Cases involving child abuse — whether physical, emotional or sexual — are complex. Not only because they could scar them for life, but also because many children do not know where and how to voice their grievances. In 2006, the School Education Department launched a complaint cell (044-28273591) to reassure students with a helpline that they could call in case they have a problem in school. In January 2007, the State government issued orders to remove Rule 51 of the Tamil Nadu Education Rules that permitted corporal punishment in schools under specified circumstances. Though teachers and school managements know that corporal punishment is illegal, some teachers say they “helplessly” resort to the practice in an environment where examination results and ranks seem most important.
“Parents themselves come and tell us ‘beat my son, make him study'. It is not easy, we need larger support systems and regular counselling in schools for students under pressure,” says a high school teacher.
Rehabilitating a victim of corporal punishment also becomes an issue in situation where culture of violence is accepted by parents and when the issue of child rights is not sufficiently understood by teachers, says Anuradha Vidyasankar, Head, Southern Regional Resource Centre, CHILDLINE India Foundation.
According to Ms. Vidyasankar, the NGO has received more calls in 2011 than in the previous two years. “In Chennai, calls seeking rescue, restoration and shelter top the list,” she says.

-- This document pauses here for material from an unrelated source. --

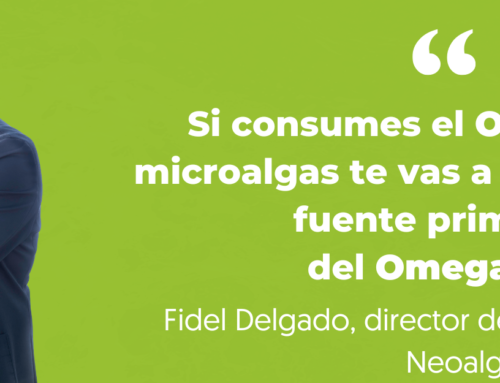 Fidel Delgado, Co-CEO y director de I+D+i de Neoalgae: “Las microalgas son la fuente de Omega 3 más primaria y sostenible que existe”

The State Commission for Protection of Child Rights (SCPCR), which the State government is required to set up as per the Right to Education (RTE) Act, offers some promise. Once it becomes functional, children may have a platform to voice their grievances.
Be it home or outside, sexual abuse is still an issue both parents and school skirt. In many cases, the threat could be nearer home. In a recent case in the city a four-year-old girl was kidnapped by a man in Mogappair East. Her parents and relatives frantically searched for the child but couldn't locate her. Later in the evening public found a man with the child in the area who was handed over to the police. Investigations revealed that he was a paedophile and had misbehaved with many children on various occasions.
Creating awareness
Any organisation that works with children, including a school, tuition centre or an NGO, should have and implement a child protection policy, which should have five components. “How are the employees recruited and screened. Do they give all employees a basic training in child protection? Do they have a code of conduct on how they should behave with children? What is the system in place to report an allegation of abuse? And how should a case of alleged abuse be handled?,” explains Vidya Reddy of Tulir.
While the schools of Chennai Corporation have been playing a proactive role in dealing with the issue, private schools have not been co-operative as often, they are hesitant to even discuss the topic, say activists.
What the say
Sudha Ramalingam, advocate: “We have a good legal system and there are enough laws to punish the offenders but how much do we take advantage. The problem lies in the execution, where the complaint mechanism is either silent or faulty. There should be more sensitisation and teaching about what abuse is. We also need a system in place where we act pro-actively to ensure that the child victim is not exposed again and again and his/her name not revealed. Institutions should also be sensitised as they tend to suppress issues.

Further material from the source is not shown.